++++ Data provided

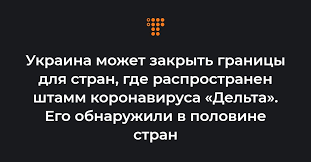 Штаммы «дельта» и «дельта плюс» — одна мутация коронавирусной инфекции, причем «дельта плюс» делает антитела менее эффективными. Lvg9zvy1yhm0om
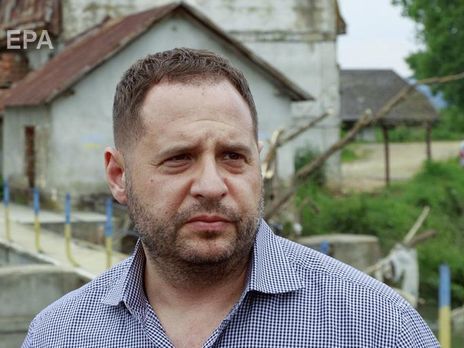 РФ выплатит Украине $3 млрд по решению Стокгольмского арбитража – Ермак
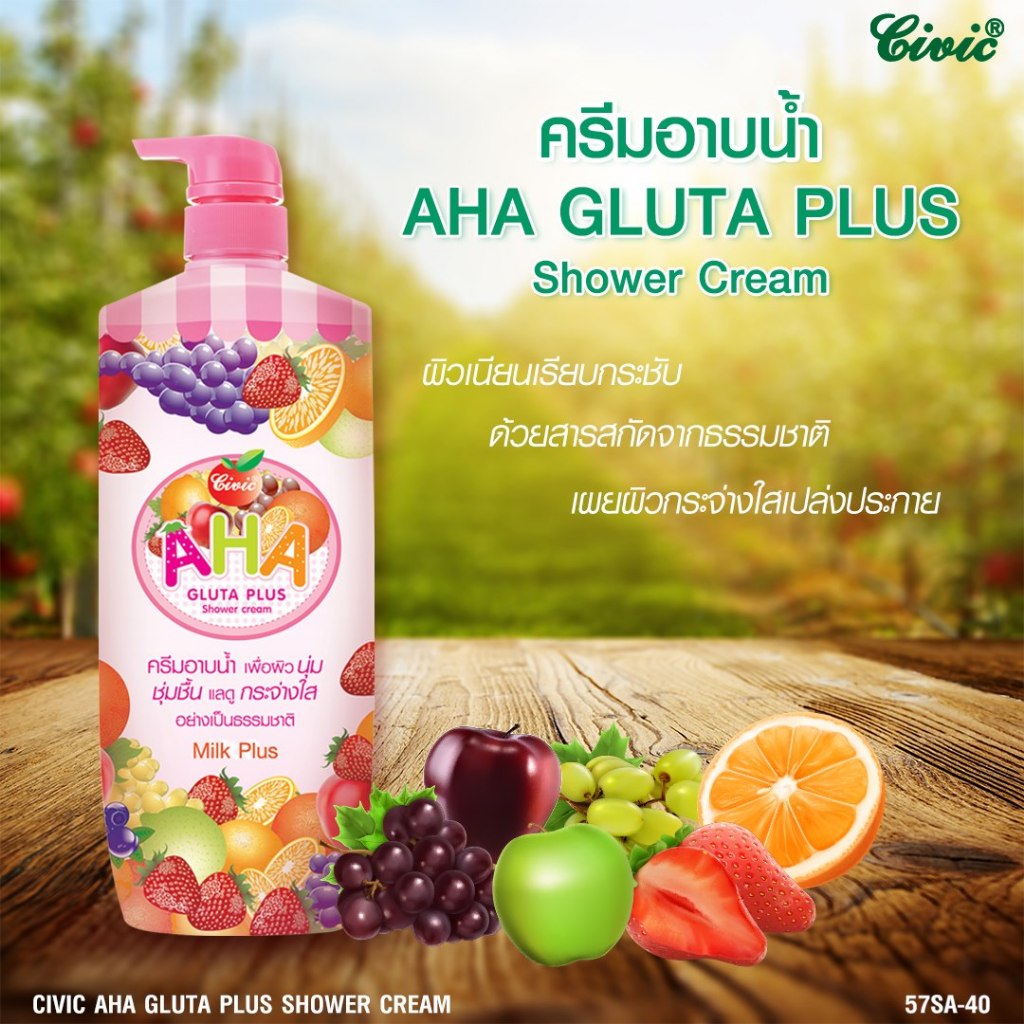Civic AHA Gluta Plus Shower Cream ครีมอาบน้ำขนาดใหญ่จุใจ ผสานคุณค่าจาก สารสกัดจากผลไม้นานาชนิด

++++++++

_Description of the task_
Print the full listing again exactly, and drop every image from it.

_Worked solution_
 Штаммы «дельта» и «дельта плюс» — одна мутация коронавирусной инфекции, причем «дельта плюс» делает антитела менее эффективными. Lvg9zvy1yhm0om
 РФ выплатит Украине $3 млрд по решению Стокгольмского арбитража – Ермак
Civic AHA Gluta Plus Shower Cream ครีมอาบน้ำขนาดใหญ่จุใจ ผสานคุณค่าจาก สารสกัดจากผลไม้นานาชนิด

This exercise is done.